Give the lines again exactly as they appear below, from the line with "Hex of Steel城堡行动已付费版最新版截图4" to the line with "SCHNEIDER ELECTRIC - Lug", both included, and only those lines. Leave every picture out.

• INPUT RECORDS:
________________
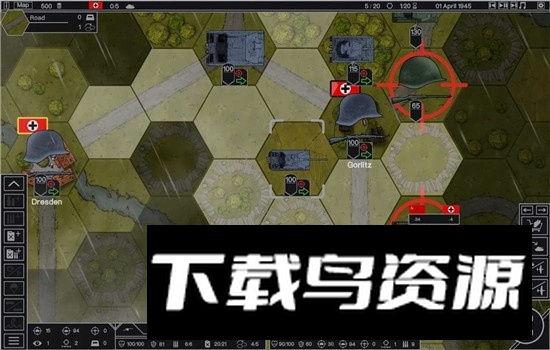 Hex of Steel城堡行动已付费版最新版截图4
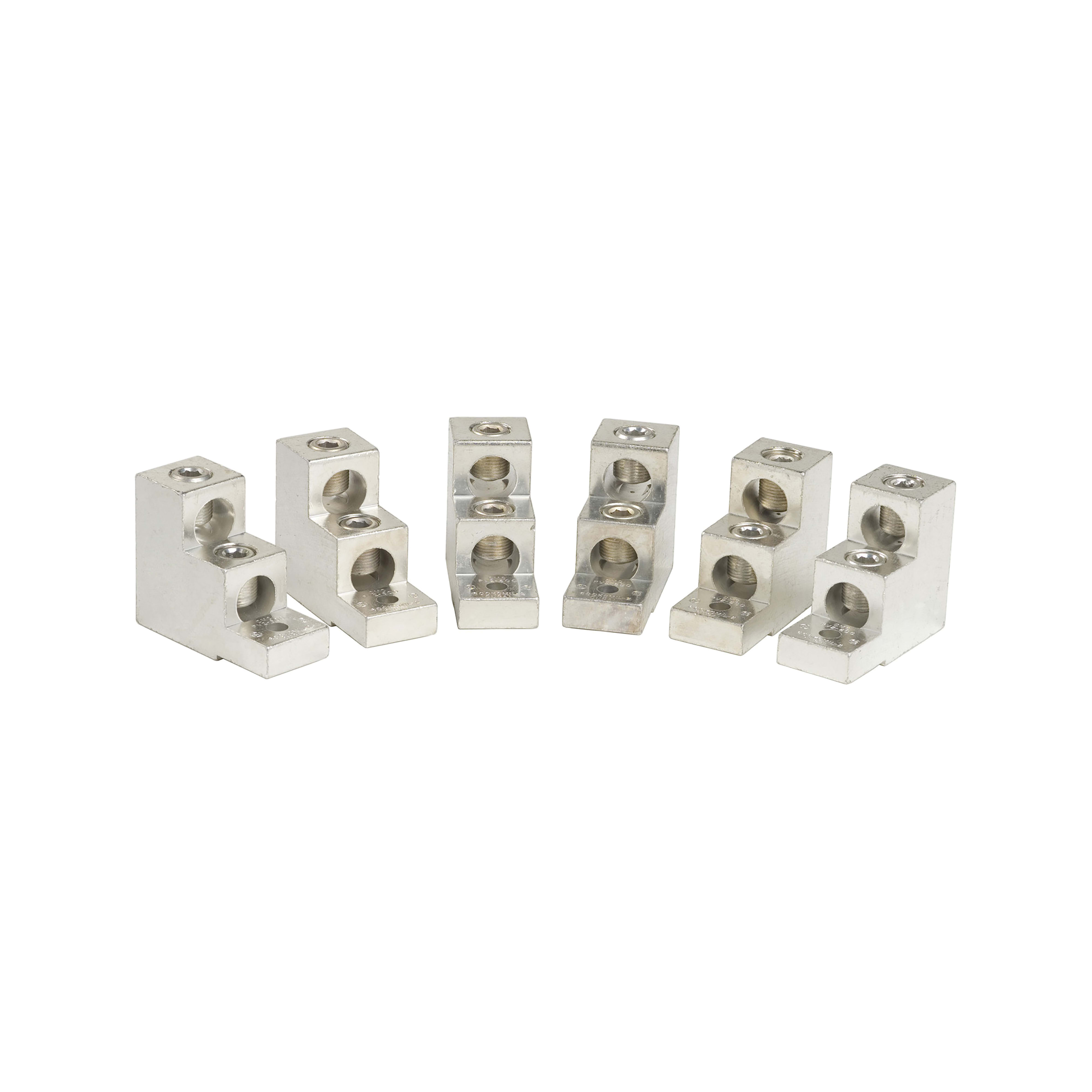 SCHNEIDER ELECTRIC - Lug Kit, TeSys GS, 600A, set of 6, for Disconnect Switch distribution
________________
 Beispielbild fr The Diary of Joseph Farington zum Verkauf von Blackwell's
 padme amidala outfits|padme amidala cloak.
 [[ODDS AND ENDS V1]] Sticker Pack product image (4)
________________
• TASK OUTPUT:
 Hex of Steel城堡行动已付费版最新版截图4
 SCHNEIDER ELECTRIC - Lug Kit, TeSys GS, 600A, set of 6, for Disconnect Switch distribution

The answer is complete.